TASK GOAL:
Using the material below, return exactly the lines between the one holding "புகைப்படங்கள்..! #HappyWeddingAnniversarySuriyaJo சூர்யா" and the one holding "Hard Core Leveling", inclusive, and no others.

DATA EXCERPTS:
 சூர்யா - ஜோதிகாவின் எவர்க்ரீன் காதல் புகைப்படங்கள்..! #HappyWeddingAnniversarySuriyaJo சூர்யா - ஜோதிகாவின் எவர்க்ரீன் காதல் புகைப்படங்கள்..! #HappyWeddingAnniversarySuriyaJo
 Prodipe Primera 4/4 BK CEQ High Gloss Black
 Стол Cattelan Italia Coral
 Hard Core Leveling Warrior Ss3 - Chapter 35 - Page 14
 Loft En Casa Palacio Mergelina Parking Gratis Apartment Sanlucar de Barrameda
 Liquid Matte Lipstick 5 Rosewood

==

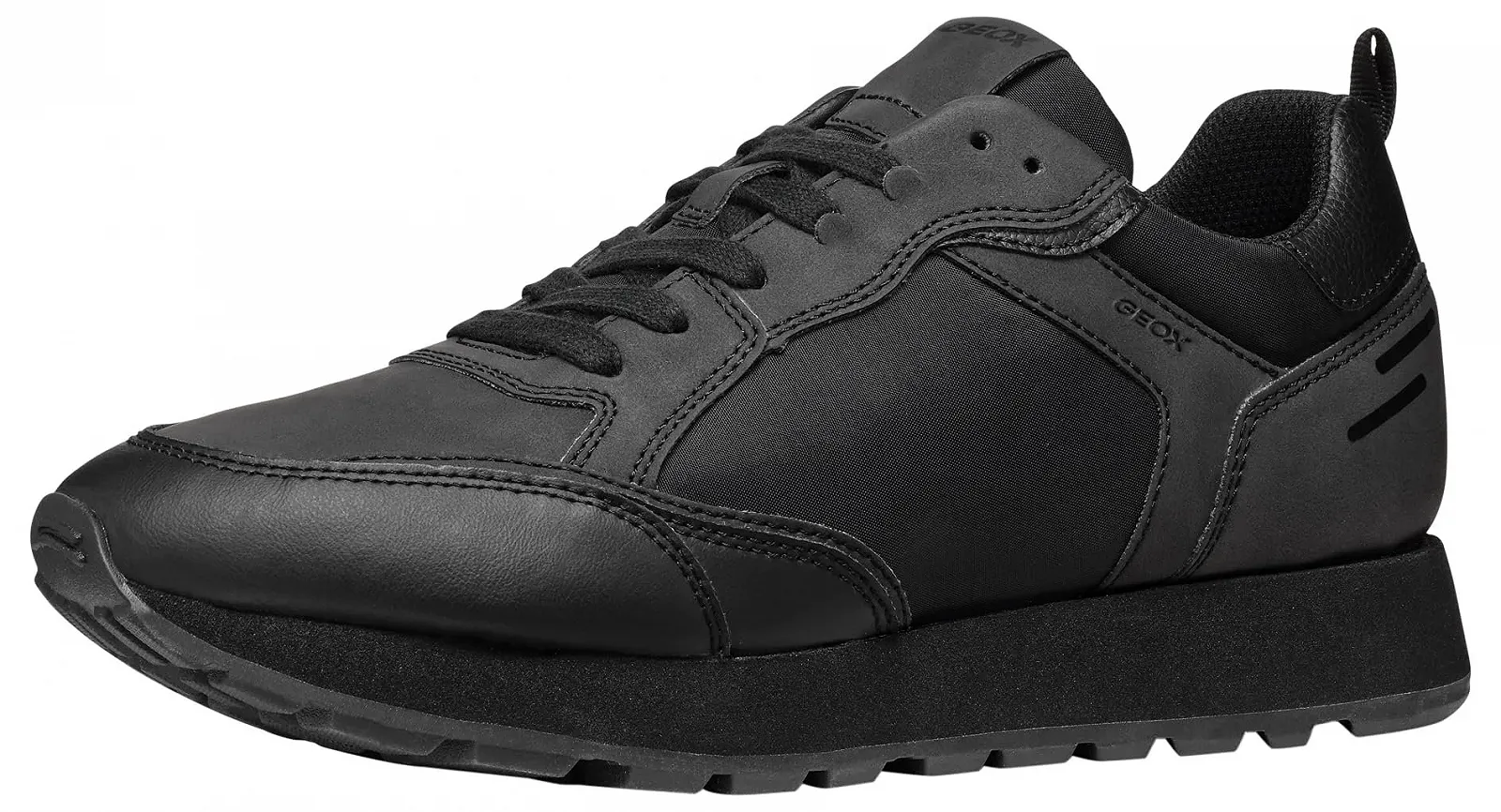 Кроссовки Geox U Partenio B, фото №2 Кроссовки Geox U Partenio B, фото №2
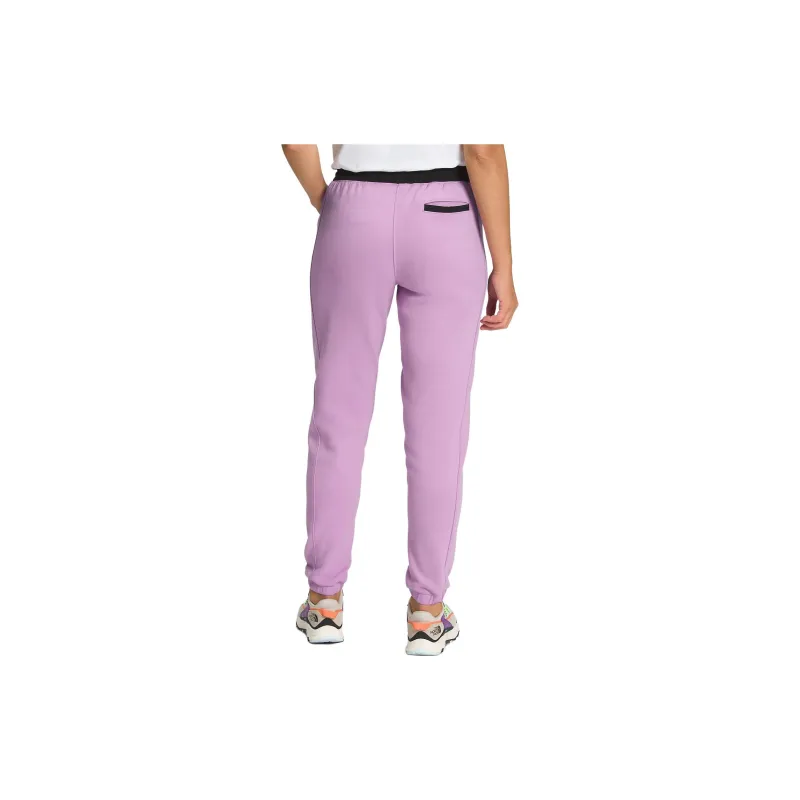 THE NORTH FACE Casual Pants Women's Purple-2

ANSWER AREA:
 சூர்யா - ஜோதிகாவின் எவர்க்ரீன் காதல் புகைப்படங்கள்..! #HappyWeddingAnniversarySuriyaJo சூர்யா - ஜோதிகாவின் எவர்க்ரீன் காதல் புகைப்படங்கள்..! #HappyWeddingAnniversarySuriyaJo
 Prodipe Primera 4/4 BK CEQ High Gloss Black
 Стол Cattelan Italia Coral
 Hard Core Leveling Warrior Ss3 - Chapter 35 - Page 14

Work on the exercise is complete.